瀬戸内海の景観や豊かな食に魅了されて移住してきた 舘 咲奈(たち さきな)さん。普段はANAの客室乗務員として働きながら、大好きな三豊市の観光振興にも携わっているそうです。
そんな舘さんに三豊市のお気に入りを紹介してもらう「現役CAの三豊ログ帳」、今回は夏になると特に欲しくなるお酢についてです。三豊のお酢に興味を持ってもらって、夏バテ解消してもらおうと張り切って取材に行って来ました。記事の最後には、手書きのフライトログブック(ログ帳)風にレシピも書いてもらったのでお楽しみに!
昔と変わらない製法で醸造する創業約280年の仁尾酢

三豊市仁尾の古い町並みを歩くと、ひと際目を引くレトロなレンガ造りの煙突。中橋造酢株式会社は、1741年創業という280年以上も続く老舗で、米酢「仁尾酢」を醸造しています。

香川県ではもっとも古いとされる酢の醸造所の中には大きな杉樽が並び、温度をある程度一定に保ちながら発酵させている様子が伺えます。

樽の中を少し見せていただいたのですが、仁尾酢特有の菌による発酵でかなり温かい。発酵する際の独特な匂いがするのかなと想像していましたが、案外それほどでもなく、むしろほのかな香りといった印象です。

ちなみにこの杉樽は100年以上も使われているそうです。醸造所を案内してくれた中橋さんによると、醸造所ごとに菌も違うそうで、10年ほど前、地元の高校理数科生徒グループによる仁尾酢の醸造法に関与する菌の研究発表(日本学生科学賞)が全国2位を受賞しました。この研究結果により酢酸菌や乳酸菌など3種類の菌が見つかったそうです。発酵を遅くする菌も含まれているため、それを取り除くと早く発酵させることができると言われたそうですが、仁尾酢の伝統の味が変わってしまうかもしれないからと、あえて変えずにいるのだそうです。

ところで、米酢はどうやって作られているかご存じですか?
最初の行程は日本酒と同じく窯でお米を蒸し、発酵させます。

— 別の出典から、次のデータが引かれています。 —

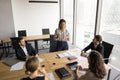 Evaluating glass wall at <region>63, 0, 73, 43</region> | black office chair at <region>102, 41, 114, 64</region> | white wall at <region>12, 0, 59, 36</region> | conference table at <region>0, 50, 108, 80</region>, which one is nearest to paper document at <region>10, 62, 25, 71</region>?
conference table at <region>0, 50, 108, 80</region>

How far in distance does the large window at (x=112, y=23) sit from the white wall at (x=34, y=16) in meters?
3.13

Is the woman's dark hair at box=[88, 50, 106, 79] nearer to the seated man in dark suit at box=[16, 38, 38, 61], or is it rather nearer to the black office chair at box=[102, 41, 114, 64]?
the black office chair at box=[102, 41, 114, 64]

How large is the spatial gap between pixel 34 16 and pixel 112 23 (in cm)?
371

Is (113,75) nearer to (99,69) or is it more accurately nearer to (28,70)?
(99,69)

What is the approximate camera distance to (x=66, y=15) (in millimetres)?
5434

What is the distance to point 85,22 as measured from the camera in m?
4.01

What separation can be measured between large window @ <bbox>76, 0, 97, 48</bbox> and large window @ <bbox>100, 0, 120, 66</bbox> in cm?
44

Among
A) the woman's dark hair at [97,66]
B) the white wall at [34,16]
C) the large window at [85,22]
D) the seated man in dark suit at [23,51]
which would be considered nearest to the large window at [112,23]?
→ the large window at [85,22]

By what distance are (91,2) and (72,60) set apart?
2275 mm

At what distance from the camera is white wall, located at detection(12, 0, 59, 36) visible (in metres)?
4.97

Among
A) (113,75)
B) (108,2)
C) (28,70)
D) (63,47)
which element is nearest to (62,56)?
(63,47)

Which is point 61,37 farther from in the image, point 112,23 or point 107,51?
point 112,23

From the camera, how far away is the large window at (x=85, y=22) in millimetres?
3486

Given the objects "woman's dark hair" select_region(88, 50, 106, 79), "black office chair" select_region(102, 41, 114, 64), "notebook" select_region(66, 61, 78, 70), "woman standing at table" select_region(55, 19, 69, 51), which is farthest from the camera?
"woman standing at table" select_region(55, 19, 69, 51) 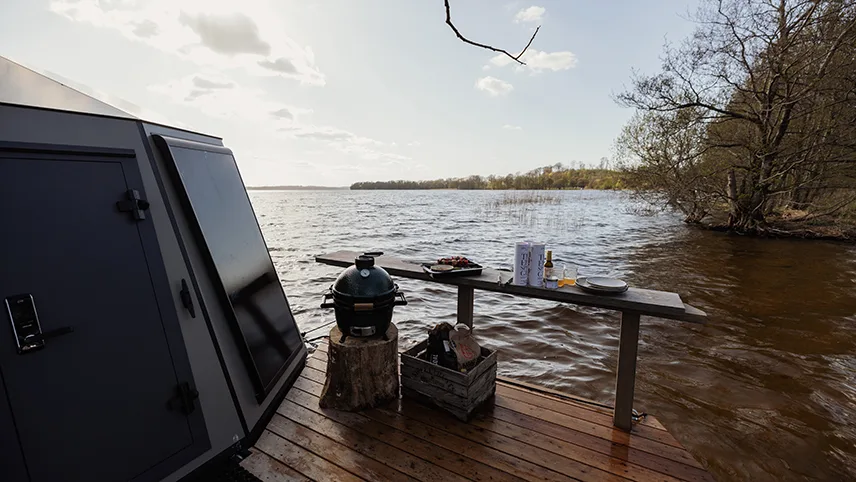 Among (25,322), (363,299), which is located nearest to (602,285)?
(363,299)

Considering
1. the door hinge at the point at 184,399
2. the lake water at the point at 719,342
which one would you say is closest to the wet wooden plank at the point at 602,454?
the lake water at the point at 719,342

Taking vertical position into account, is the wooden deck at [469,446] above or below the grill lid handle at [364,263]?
below

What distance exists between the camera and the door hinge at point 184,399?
2.06m

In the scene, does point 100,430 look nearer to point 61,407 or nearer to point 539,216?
point 61,407

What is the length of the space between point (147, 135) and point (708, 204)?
19.4 meters

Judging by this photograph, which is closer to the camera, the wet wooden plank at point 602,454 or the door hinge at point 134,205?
the door hinge at point 134,205

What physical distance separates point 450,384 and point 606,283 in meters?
1.28

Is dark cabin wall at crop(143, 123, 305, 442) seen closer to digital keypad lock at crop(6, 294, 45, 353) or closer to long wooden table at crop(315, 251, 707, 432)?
digital keypad lock at crop(6, 294, 45, 353)

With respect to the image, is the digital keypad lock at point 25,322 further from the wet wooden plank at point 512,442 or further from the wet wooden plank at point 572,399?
the wet wooden plank at point 572,399

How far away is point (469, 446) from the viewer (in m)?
2.37

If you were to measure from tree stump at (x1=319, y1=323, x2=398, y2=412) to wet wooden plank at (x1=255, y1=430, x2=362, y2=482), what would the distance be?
44 cm

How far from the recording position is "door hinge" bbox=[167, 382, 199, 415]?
206cm

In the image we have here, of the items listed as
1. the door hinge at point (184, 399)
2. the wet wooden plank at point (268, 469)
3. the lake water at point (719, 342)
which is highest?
the door hinge at point (184, 399)

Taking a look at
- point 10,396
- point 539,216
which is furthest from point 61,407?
point 539,216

使われるお水はもちろん山からの湧水。その後、少しお酢を混ぜて絞ったものがもろみと呼ばれる原酒で、それに種酢や酢酸菌などを加えてお酒のアルコール成分を酢酸に変化させることでお酢になります。これらを昔ながらの製法で、時間をかけてじっくりと発酵させることで、コクや旨み、香りのある仁尾酢が誕生するわけですね。
今回、醸造所を案内してくれた中橋さん。すごく細かくこだわりの製法について教えていただいたのですが、私の基礎知識が絶望的に不足していたので話の半分も理解できずすみません。でも、酢造りに対する想いやこだわりは十分に伝わってきました。
あらかじめ数日前にご連絡をいただけると可能な限り醸造所の見学にも対応してくれるそうです。ご興味のある方はぜひどうぞ。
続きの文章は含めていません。